# Which Eheim Classic filter is good for a 55 gallon tank?



## PMD (May 3, 2005)

I'm making the move up to an Eheim and need to know what size to buy. I also have a few other questions about these if people can answer them:

1) Where exactly are people putting the filter floss in these? Do you bag it?
2) Can I also stick Purigen in there?
3) If I get a larger size, can I run it on a dimmer switch to control output flow?
4) Where can I get the pre-filters to keep shrimp out of them?
5) Would you recommend running pressurized CO2 through a reactor in the Eheim output or using a diffuser for this size of tank?


----------



## Squawkbert (Jan 3, 2007)

I'd go 2215 or 2217. I have a 2215 on my 46g and it's fine unless it's really due for a quarterly back-flush.
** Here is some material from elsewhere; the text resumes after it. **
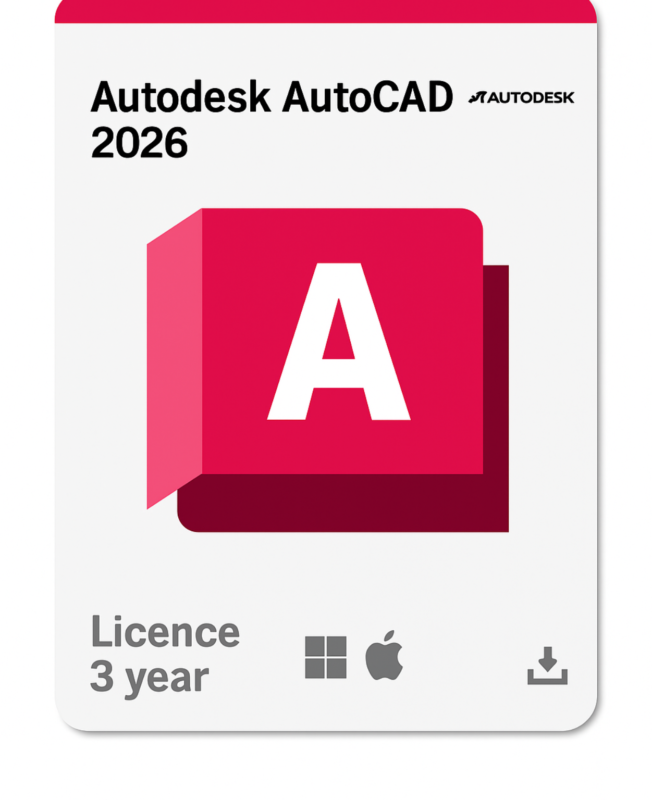 Autodesk AutoCAD All Apps for Windows and Mac 3-Year License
If you want more flow, 2217 should be more than adequate.

1) Where exactly are people putting the filter floss in these? Do you bag it?
I don't, but you can if you want to - I got a kit from BigAlsonline and am using the Eheim provided stuff, less the carbon pad. After my second teardown, I added a layer of potscrubbers to the bottom to keep things snug.

2) Can I also stick Purigen in there?
Yes, if you want. If you want it separate from other media, use an additional (thin) pad on top of it, adding it to the top of the stack.

3) If I get a larger size, can I run it on a dimmer switch to control output flow?
Probably not. A dimmer will limit voltage, it won't modulate frequency. If I'm guessing right, these things all run at an RPM that's a direct result of your house's 50-60Hz (US) AC power. If you run it on a dimmer, it will just do the same until it quits turning. If you need less velocity from the spraybar, drill the holes out SLIGHTLY (you can always make 'em bigger).

4) Where can I get the pre-filters to keep shrimp out of them?
Sponge, Nylon bootie or combo thereof...

5) Would you recommend running pressurized CO2 through a reactor in the Eheim output or using a diffuser for this size of tank?
I feed 2x1g DIY into my 2215 intake. It works well.


----------



## PMD (May 3, 2005)

You are awesome! 

I guess I'll be going with the 2217 then. Thanks!


----------



## kwc1974 (Jan 4, 2006)

I would use the 2217 as well
Great filter and it is an Eheim...what more could you say


----------



## houseofcards (Feb 16, 2005)

Another option would be to go with the Ecco line. A Eheim Ecco 2236 would be good for that tank. I've had one on my 72g for over two years and love it. The Eheim Ecco line has some of the more modern conveniences such as separate trays for media and is self priming.


----------



## longhornxtreme (Feb 20, 2007)

I use a 2217 (gasp) on my 29G.  

I would definitely go with a 2217 on your 55. I just stick filter floss at the very top and let the plastic 'grate' hold it down. If you wanted to bag it I don't think it would be an issue.


----------